Connecting their experience with our desire is probably the goal here, but we design the experience. There is no doubt about it. That is our job. We make the calls. We deliberate over the colors and chords and words before they see them.

We do not ask their advice. We create. We can seek input, but we discern. We are responsible to the muse. We must take ownership of the piece, no matter how collaboratively it was created. For the movie director that is very collaborative.

Still, there is only one listed as The Director. Someone has to be the leader. Someone has to make the final calls. Someone has to take responsibility. Not just for commercial success, but for emotional impact. Where will this experience lead people?

It is an offering though. Remember, our artistic creations are offerings, ultimately to the Muse who inspired them. They are meant to be received there first. After that, we can not really know how a piece will connect with people. It is not for us to know.

And the reality is art is ridiculous. But that is what makes it powerful! Art is frivolous, impractical, nonsensical. At best it entertains. At worse it completely distracts. Still without it as Dostoevsky once said, we are left only with reality and political solutions.

Without art there is no imagination. The world becomes a very dark place. Chapter 7 of Notes from the Underground contain his “the most advantageous advantage” philosophy, noting the power of a man who acts out of his own volition.

Men who act from the inside out have a rare freedom. It is not independence as we think of it today. That mostly means detachment, aloofment, today’s “rationality.” What he is talking about is truly being free from cause and effect thinking.

Doing something to do it. That may be a guttural definition of art. Why a man does it, other than some internal drive to create, is a mystery, even to him. That’s the beauty, that’s the war cry of art. I seek to please no one here but the non-rational drive in me!

That is about the point the artist really starts to make art. The critic becomes a figment. Hipster celebrity and taste-making become a sideshow. The real stage is this live birth of something un-contained, something direct from the gods themselves.

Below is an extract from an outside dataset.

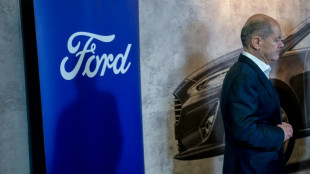 Kanzler Scholz fordert bei Ford-Besuch europaweite Kauff&ouml;rderung f&uuml;r E-Autos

As artist we are the mother, not the father. We are the carrier, but the Seed has divine origin. We become like Mary, overwhelmed by the Spirit and suddenly into an adventure unlike any other. The artist echoes, “Let it be.”

Of course, as "mother" we birth the baby. We have the labor pains. We are inconvenienced by discomfort. Like a mother we also prepare knowing that from the day that baby is born the goal will be someday to let it go, to send it off.

We are plagued by the inevitable tension of loving something so much that we can not keep to ourselves. It is completely ours for a while. It is completely dependent upon us for many years. But someday it will get a life of its own and do what it will.

In those days, we can not control it. Once out into the real world it creates its own life. We direct it. And, of course, for many years we speak directly into it, influencing its outcomes. But the point is that it becomes its own independent life.

That is both comforting and terrifying for most artists. “That piece is part of my soul, now the world will see my barred secrets and judge me.” Yes, like a parent, it is true. We will be judged by our kids. But also like a parent of an adult, we won’t.